When you knit an R Markdown file, any plots you make are automatically saved in a folder in .png format. If you want to save another copy (perhaps of a different file type for use in a manuscript), use
ggsave()
:
ggsave("I_saved_a_file.pdf", plot = lifeExp_by_year,
height = 3, width = 5, units = "in")
If you didn't manually set font sizes, these will usually come out at a reasonable size given the dimensions of your output file.
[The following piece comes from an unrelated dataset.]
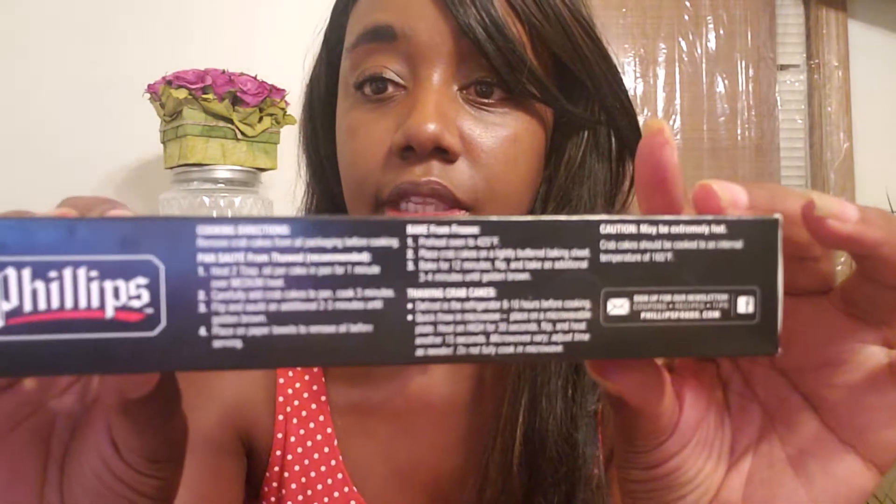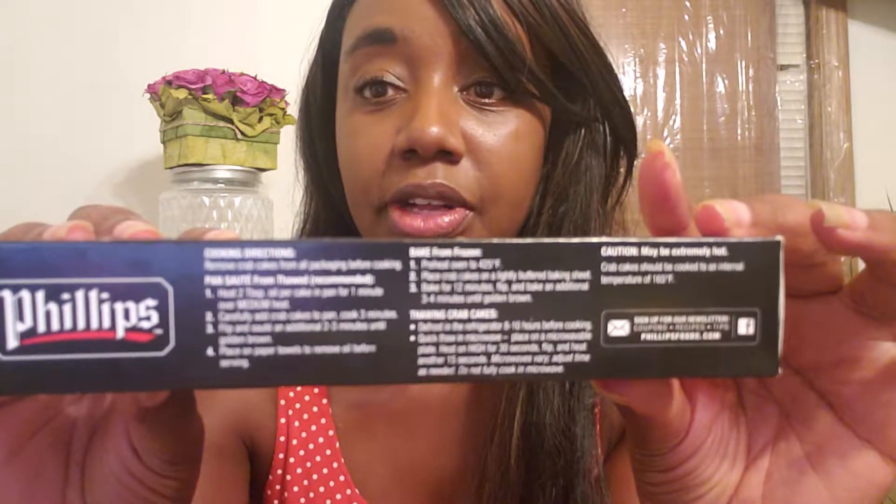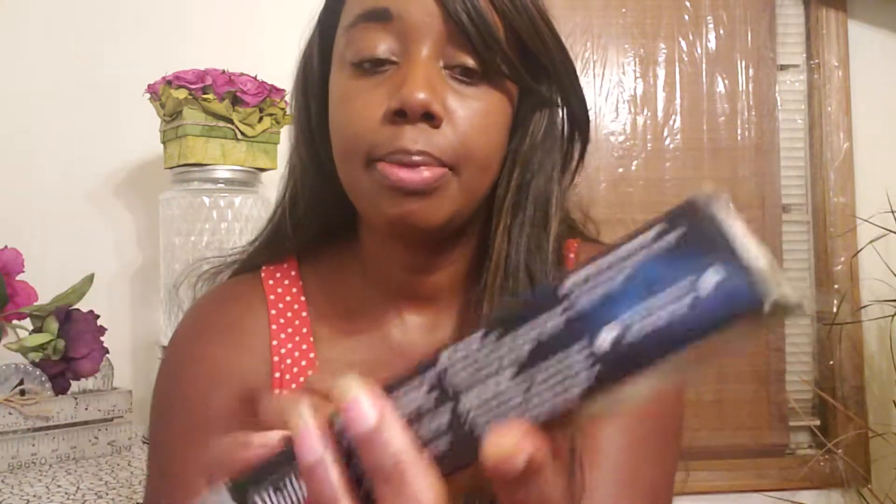The instructions are just four simple things — I won't read all that to you guys, you can figure that out if you find them at your grocer. But what I wanted to specifically point out was how much quality there is in these two little delicious crab cakes.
Bad/non-reproducible way: choose Export on the plot preview.
To really wow everyone, install the gganimate
package, which adds a frame
aesthetic.
Note: gganimate
isn't available on CRAN, so needs to be installed from github using the devtools
package. Uncomment the lines to do this for the first time.
# install.packages("devtools")
# devtools::install_github("dgrtwo/gganimate")
library(gganimate)
Note: this requires the tool ImageMagick to be installed for converting to a .gif.
gdp_vs_life <- ggplot(gapminder,
aes(x = gdpPercap,
y = lifeExp,
size = pop,
color = continent,
frame = year)) +
geom_point() +
scale_x_log10() +
theme_bw()
gg_animate(gdp_vs_life, "Lectures/animated.gif",
ani.height = 600, ani.width = 900)
Pick some relationship to look at in the Gapminder data and write up a .Rmd file investigating that question graphically. You might work with a subset of the data (e.g. just Africa). Upload both the .Rmd file and the .html file to Canvas. Include 4 to 8 graphs. All titles, axes, and legends should be labelled clearly (no raw variable names). You must have at least one graph with facet_wrap
or facet_grid
. You must include at least one manually specified legend. You can use other geoms
like histograms, bar charts, add vertical or horizontal lines, etc.
Your document should be pleasant for a peer to look at, with some organization. You must write up your observations in words as well as showing the graphs. Use chunk options echo
and results
to limit the code/output you show in the .html.